The NYPD commits to some reforms—for a few years.

A still from NYPD body-cam footage turned over as evidence in one of the protest class action lawsuits, (SITU / Sow Plaintiffs)

The last of the consolidated class action lawsuits arising from the NYPD's treatment of protesters during the summer of 2020 resolved on Tuesday with a settlement that commits the NYPD, at least for several years, to a series of reforms, many of which the department claims it already embraced. Nowhere in the settlement or its announcement does the NYPD concede that it violated anybody's rights.

The settlement puts in place what is effectively a federal consent decree, an agreement over reforms the NYPD will undertake that is ultimately enforceable by the court. This is not the first federal consent decree the NYPD has been put under—the department continues to be answerable to federal courts over its surveillance of political groups and racist stop-and-frisk regimes. But this settlement is weaker than those cases in significant ways.

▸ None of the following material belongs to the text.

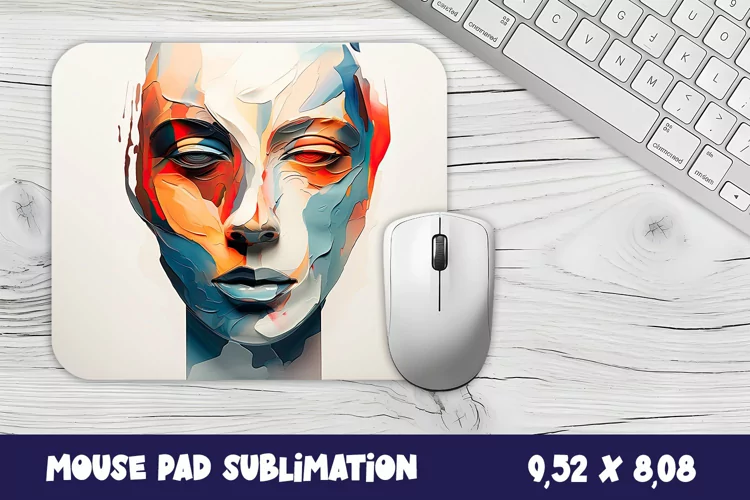 3d Mouse pad, sublimation, 3d girl mouse pad design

Unlike the Handshu settlement, which arose out of the NYPD's widespread surveillance of people based on nothing more than their constitutionally protected political speech, the court doesn't retain permanent authority to make sure the NYPD is keeping its end of the bargain. After an initial period of training, this settlement is only enforceable for four years. After that, the NYPD can go back to policing protests with as much violent speech suppression as it likes without worrying about violating the settlement terms. 

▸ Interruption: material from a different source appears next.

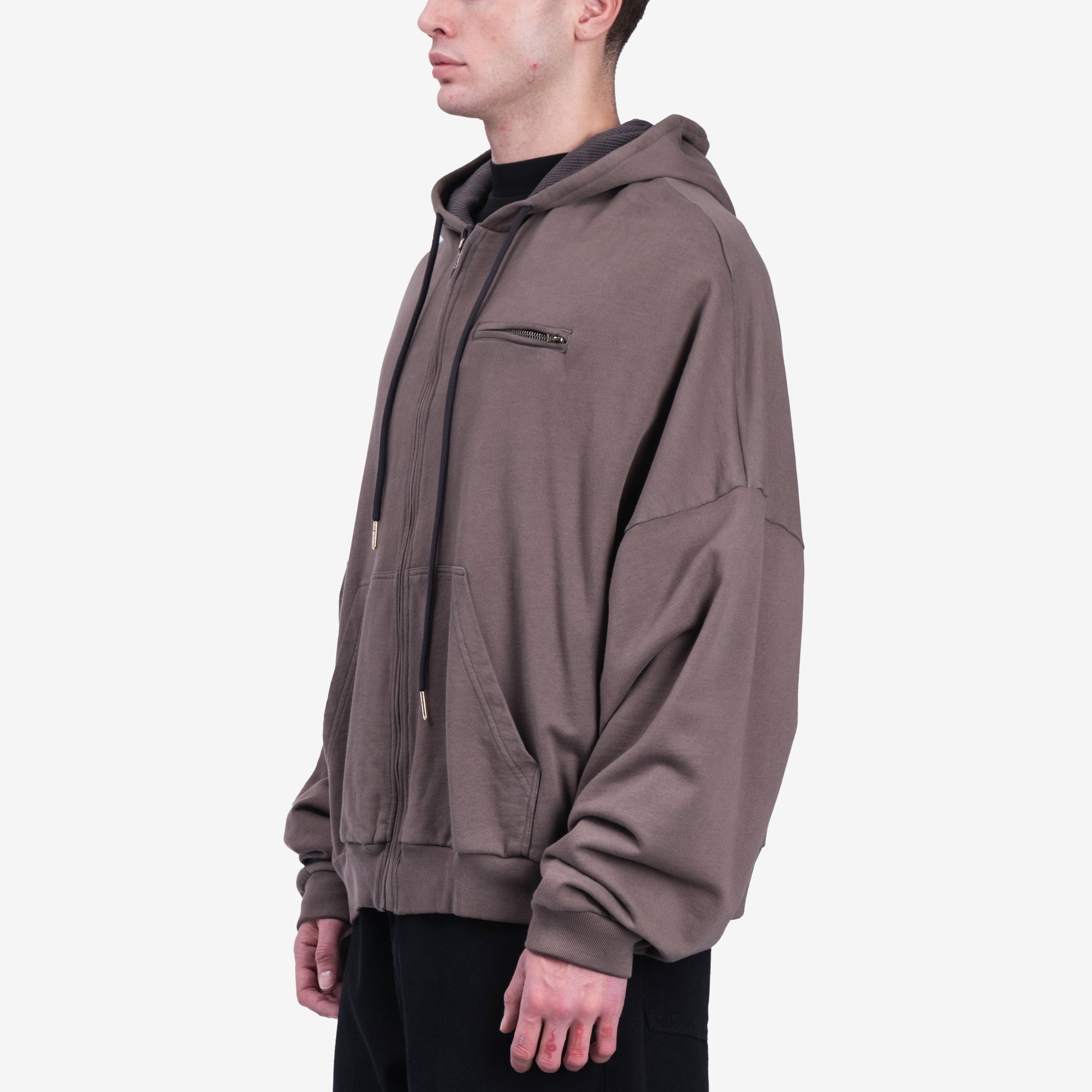 Willy Chavarria Bomber Hoody Pavement - 3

And unlike the stop-and-frisk consent decree which keeps the NYPD answerable to a federal court until it's in substantial compliance with the terms, that's not the case in yesterday's protest settlement. When the four-year clock on the settlement runs out, so does the court's and the plaintiff's leverage, whether or not the NYPD has cleaned up its act.

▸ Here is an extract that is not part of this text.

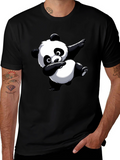 Dabbing Panda Graphic Tee - Black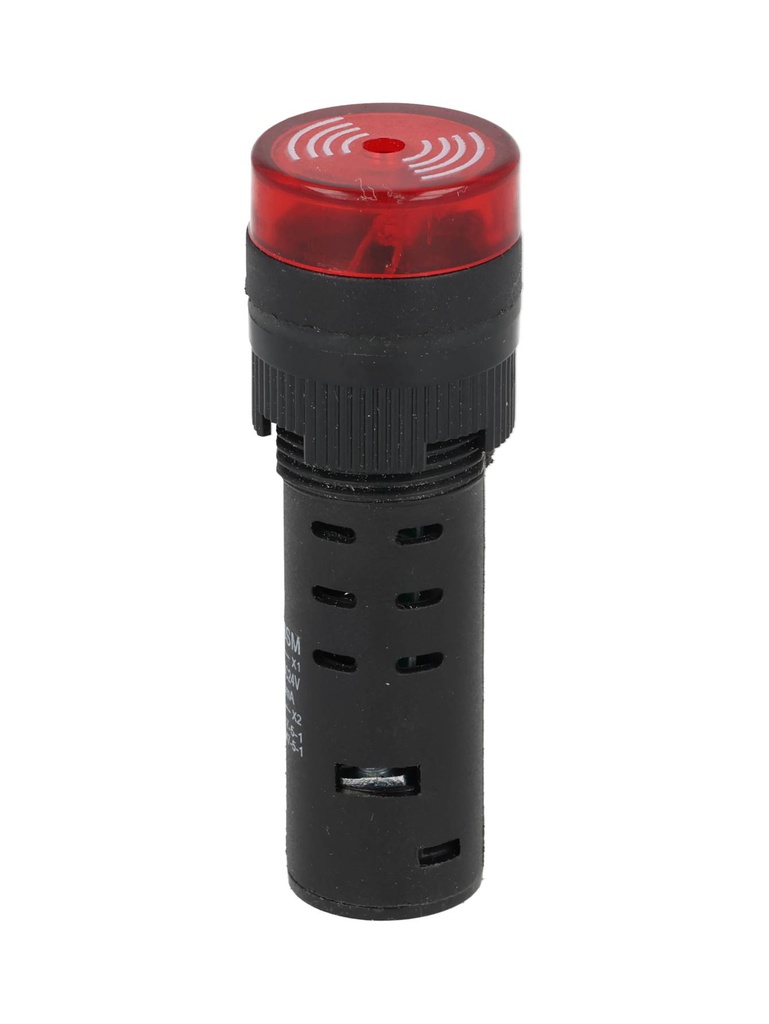 BLIR16R-12/24V — BUZZER INTERMITENTE 16MM ROJO 12-24V 85DB "NO SON A PUEBA DE EXPLOSIÓN!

At the heart of the settlement is a new tiered structure the NYPD will use when deploying police to a protest. The upshot of the system is that police must respond proportionally to protests, rather than greeting small groups with overwhelming ranks of cops with helmets and bats. Each decision to escalate the police response to a higher tier must be authorized by senior officers, including a newly created "First Amendment Activity Executive." These decisions, along with others, like the issuance of dispersal orders, must be documented and accompanied by written justifications.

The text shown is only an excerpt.